Re: Synthetic Oil - Or Not?

Like most everybody else, I use the cheapest gas I can get to.  Sometimes the cheap gas is inaccessible in my motorhome, especially when towing my motorcycle trailer.  Up here in Anchorage Costco is cheaper than out on base, but the base gas station is easier to get in an out of, and they also sell propane.  I will use Murphy Oil, if available, but for personal reasons I no longer use my Walmart credit card.  $0.03 cent discount on 50 gallons of gas is only $1.50.

I think I will try the Pennzoil Ulta Synthetic for the trip home.  I think I can save the price difference by doing the oil change myself instead of going to Qwikie Lube.  Fingers, toes and eyes crossed - I won't have any problems. :laugh:  :laugh:


----------



## H2H1

Re: Synthetic Oil - Or Not?

Jim I am like you I don't like to use the walmart card at Murphy . BUT when they offer .10 discount per gallon, well it was hard to pass up. If they go back to there standard cost I will not use them. Here at FT.Benning the gas is the same as RACEWAY just off post.


----------



## solovino

Re: Synthetic Oil - Or Not?

*Hi, I have been using Amsoil for a number of years in all my vehicles. And prior to that used Syntec from Castrol. Never had an issue. One thing to be aware of is using Synthetic in older vehicles may cause oil seal problems due to the material used in past years.  Also the type of oil filter used is important.  There are filters constructed of new nanofiber material that are superior in performance. I am currently adding a by-pass oil filtration system to my RV, so the oil will be triple filtered. If you don't intend on keeping the Rig for more than 5 years any quality oil and regular changes will do but if you want longevity the best is a must.  Check the Amsoil website for a wealth of information,  you can talk to a technician and ask specific questions.  Getting the oil analyzed is another option,  there are several companies that do this service and the cost is very reasonable.  I never consider MPG with oil, I want superior lubrication protection*.

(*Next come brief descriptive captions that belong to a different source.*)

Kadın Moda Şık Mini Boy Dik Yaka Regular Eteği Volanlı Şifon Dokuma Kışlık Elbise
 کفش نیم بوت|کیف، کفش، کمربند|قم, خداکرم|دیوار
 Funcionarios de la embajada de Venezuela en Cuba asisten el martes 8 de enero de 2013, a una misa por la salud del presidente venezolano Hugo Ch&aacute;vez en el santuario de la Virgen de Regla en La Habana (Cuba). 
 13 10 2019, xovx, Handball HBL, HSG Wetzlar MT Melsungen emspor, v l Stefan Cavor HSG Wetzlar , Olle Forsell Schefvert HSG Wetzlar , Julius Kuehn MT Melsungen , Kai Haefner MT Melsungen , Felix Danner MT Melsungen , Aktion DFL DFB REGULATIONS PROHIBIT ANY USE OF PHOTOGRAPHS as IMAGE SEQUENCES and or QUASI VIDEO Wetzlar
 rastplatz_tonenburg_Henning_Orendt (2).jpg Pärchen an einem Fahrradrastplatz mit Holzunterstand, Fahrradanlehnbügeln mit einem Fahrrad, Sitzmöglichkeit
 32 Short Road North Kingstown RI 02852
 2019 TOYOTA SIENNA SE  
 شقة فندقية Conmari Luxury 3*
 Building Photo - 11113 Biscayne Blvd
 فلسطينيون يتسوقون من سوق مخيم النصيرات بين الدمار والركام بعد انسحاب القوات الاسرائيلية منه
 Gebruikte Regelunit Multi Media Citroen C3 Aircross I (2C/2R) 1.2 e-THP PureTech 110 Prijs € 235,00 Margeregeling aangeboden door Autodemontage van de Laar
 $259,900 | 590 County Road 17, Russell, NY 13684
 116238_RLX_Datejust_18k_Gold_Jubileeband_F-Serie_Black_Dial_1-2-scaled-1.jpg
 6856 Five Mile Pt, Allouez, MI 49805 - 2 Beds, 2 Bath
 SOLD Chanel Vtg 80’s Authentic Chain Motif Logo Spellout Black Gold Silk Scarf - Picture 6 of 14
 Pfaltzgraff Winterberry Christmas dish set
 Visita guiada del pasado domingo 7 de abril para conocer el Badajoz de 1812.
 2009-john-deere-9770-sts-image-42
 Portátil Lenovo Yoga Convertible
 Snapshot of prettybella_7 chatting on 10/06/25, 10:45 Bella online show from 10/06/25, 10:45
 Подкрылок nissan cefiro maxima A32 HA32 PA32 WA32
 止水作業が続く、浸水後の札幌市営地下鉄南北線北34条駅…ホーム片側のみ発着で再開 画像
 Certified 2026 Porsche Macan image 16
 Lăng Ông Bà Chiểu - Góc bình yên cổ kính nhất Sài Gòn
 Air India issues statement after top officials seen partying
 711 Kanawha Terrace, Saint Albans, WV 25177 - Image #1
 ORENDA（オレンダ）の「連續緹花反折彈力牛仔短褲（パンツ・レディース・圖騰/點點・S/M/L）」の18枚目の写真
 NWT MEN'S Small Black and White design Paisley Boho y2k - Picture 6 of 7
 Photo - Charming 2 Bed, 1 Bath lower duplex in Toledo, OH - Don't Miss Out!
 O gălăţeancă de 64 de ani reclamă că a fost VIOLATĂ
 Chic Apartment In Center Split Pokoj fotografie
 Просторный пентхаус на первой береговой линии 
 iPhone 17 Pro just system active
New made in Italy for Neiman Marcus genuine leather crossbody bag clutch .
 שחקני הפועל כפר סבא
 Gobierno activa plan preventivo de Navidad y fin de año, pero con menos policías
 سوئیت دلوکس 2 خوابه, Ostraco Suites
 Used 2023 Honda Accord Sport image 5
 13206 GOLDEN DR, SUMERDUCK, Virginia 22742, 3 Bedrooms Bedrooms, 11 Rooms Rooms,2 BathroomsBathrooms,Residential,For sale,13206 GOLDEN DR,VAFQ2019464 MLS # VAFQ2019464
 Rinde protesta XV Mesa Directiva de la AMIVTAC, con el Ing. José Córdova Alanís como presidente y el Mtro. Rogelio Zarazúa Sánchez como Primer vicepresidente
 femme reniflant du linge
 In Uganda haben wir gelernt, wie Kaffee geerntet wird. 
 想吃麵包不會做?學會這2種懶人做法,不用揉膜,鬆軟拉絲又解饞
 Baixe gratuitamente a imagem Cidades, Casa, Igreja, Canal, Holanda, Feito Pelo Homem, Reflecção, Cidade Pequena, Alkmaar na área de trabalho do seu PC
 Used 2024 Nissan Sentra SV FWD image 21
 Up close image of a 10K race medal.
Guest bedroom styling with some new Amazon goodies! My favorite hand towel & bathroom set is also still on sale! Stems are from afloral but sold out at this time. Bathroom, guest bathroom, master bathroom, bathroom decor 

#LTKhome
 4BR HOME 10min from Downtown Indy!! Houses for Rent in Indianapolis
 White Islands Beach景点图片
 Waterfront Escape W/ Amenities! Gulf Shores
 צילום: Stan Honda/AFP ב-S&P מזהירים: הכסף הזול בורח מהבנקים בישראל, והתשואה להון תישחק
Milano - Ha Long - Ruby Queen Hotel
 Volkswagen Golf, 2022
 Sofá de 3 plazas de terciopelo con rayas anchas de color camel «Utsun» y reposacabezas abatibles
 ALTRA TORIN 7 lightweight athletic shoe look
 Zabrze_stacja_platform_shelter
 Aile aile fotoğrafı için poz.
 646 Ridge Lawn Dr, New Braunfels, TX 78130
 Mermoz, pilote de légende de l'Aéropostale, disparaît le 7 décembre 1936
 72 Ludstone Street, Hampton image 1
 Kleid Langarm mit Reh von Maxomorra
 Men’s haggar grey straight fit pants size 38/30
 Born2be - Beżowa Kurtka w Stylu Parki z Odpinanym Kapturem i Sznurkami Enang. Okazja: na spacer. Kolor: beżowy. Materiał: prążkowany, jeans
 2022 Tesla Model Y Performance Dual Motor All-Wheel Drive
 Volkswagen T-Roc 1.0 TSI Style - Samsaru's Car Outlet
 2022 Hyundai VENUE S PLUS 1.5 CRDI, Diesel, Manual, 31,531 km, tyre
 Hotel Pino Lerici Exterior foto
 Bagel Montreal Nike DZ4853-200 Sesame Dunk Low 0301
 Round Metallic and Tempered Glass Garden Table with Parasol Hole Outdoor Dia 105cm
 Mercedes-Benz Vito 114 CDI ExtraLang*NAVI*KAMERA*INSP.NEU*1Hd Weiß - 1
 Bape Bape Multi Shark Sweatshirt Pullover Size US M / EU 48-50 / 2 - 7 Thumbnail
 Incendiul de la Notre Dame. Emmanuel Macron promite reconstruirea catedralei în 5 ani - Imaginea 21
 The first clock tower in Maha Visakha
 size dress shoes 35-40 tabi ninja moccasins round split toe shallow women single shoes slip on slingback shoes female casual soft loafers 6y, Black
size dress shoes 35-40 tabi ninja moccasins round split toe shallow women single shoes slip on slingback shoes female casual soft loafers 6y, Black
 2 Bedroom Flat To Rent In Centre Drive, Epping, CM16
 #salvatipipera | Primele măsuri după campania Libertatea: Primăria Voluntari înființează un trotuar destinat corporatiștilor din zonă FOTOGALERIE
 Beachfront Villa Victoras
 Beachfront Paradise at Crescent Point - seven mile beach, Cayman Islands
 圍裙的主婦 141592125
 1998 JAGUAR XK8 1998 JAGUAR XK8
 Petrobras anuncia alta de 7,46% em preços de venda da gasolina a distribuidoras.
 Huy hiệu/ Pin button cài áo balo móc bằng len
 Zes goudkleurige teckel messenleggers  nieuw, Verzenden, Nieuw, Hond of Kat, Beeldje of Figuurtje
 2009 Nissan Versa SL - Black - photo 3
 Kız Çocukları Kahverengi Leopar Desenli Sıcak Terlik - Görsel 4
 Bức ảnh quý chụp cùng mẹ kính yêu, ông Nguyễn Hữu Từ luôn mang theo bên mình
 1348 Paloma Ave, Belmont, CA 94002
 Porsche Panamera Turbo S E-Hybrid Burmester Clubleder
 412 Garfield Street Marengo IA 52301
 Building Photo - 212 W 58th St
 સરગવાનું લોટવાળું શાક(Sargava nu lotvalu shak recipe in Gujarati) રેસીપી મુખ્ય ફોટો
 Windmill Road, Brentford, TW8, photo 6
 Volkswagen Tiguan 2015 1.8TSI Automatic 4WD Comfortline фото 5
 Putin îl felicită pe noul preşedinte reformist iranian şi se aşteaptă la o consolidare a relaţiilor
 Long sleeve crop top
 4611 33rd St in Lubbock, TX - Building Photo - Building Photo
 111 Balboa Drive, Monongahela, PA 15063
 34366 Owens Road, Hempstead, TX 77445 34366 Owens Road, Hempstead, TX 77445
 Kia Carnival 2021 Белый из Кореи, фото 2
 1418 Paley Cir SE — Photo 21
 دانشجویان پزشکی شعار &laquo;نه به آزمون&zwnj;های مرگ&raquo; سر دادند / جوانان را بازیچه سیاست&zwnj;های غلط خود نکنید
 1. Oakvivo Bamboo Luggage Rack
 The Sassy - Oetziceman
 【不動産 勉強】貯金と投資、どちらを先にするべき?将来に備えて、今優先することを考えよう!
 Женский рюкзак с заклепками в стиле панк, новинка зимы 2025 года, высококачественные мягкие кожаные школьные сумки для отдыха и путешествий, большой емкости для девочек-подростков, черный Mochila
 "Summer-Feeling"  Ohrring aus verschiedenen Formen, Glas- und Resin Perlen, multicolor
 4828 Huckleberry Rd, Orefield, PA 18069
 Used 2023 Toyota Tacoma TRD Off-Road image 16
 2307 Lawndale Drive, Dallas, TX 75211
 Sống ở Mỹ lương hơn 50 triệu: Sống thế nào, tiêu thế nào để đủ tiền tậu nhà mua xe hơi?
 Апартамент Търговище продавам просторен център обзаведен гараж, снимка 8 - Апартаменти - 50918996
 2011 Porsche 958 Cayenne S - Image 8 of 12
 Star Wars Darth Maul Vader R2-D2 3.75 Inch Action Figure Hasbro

2008 Honda Element,  1999 F150, Arctic Cat ATV, RV 1997 Lorado 8.3 Cummins

Hope you have trouble free Rving,  
Ken Hynes


----------



## akjimny

Re: Synthetic Oil - Or Not?

Now if it would just stop raining!!! :angry:  :angry:  :angry:       But it's Fall in Alaska - that's what you get.


----------



## Triple E

Re: Synthetic Oil - Or Not?





> solovino - 8/22/2011  10:47 AM  *Hi, I have been using Amsoil for a number of years in all my vehicles. And prior to that used Syntec from Castrol. Never had an issue. One thing to be aware of is using Synthetic in older vehicles may cause oil seal problems due to the material used in past years.  Also the type of oil filter used is important.  There are filters constructed of new nanofiber material that are superior in performance. I am currently adding a by-pass oil filtration system to my RV, so the oil will be triple filtered. If you don't intend on keeping the Rig for more than 5 years any quality oil and regular changes will do but if you want longevity the best is a must.  Check the Amsoil website for a wealth of information,  you can talk to a technician and ask specific questions.  Getting the oil analyzed is another option,  there are several companies that do this service and the cost is very reasonable.  I never consider MPG with oil, I want superior lubrication protection*.
> 
> 
> 2008 Honda Element,  1999 F150, Arctic Cat ATV, RV 1997 Lorado 8.3 Cummins
> 
> Hope you have trouble free Rving,
> Ken Hynes





Good point on the oil filter. I use Donaldson, Amsoil or CAT. Your point on the seals, I have a 1997 F-150. I have been using amsoil in it from the beginning and just turned 150,000 miles.  I have O leaks, knock on wood. :approve:


----------



## solovino

Re: Synthetic Oil - Or Not?

Actually when I mentioned older vehicles I was thinking of going back to years in the '60's or '50's.  I do know of people that didn't do research, dumped in synthetic, had seal problems or valve issues and blamed it on the oil, which was true but the produces of the synthetic oil would have cautioned them about the possible problems.  I find that today you have to do  a lot of research due to the changing technology.  I usually use Donaldson as well, just installed a By-Pass filter system for the Cummins 8.3.  Have been using Amsoil for a number of years in all my engines and am quite satisfied. Started out using Castrol Syntec in a modified Honda 550 motorcycle years ago and then more research led me to Amsoil.   Hope my F150 does as well as yours.

Ken


----------



## rudyhiebert

Jim M. Your question about "Synthetic or Not?" turns my crank because I've heard from truckers who wouldn't use anything else because their transmission and engine run cooler and save on fuel - #1. As far as brand goes, not all synthetics are the same so check out your options.


----------



## Cruzincat

I didn't see this thread earlier.  Probably too late to stop OP from switching from regular to synthetic after 63K miles on regular.  From what I have read (only- no experience), the molecules in the synthetic oil are smaller than the regular oil.  After running for a period of time, the seals become worn to the point where the oil molecules provide the actual seal.  If you change to an oil with smaller molecules, you may experience leakage.  Again, this is only what I have read and I have no links.  Just something I read somewhere and logged in the back of my mind for future reference.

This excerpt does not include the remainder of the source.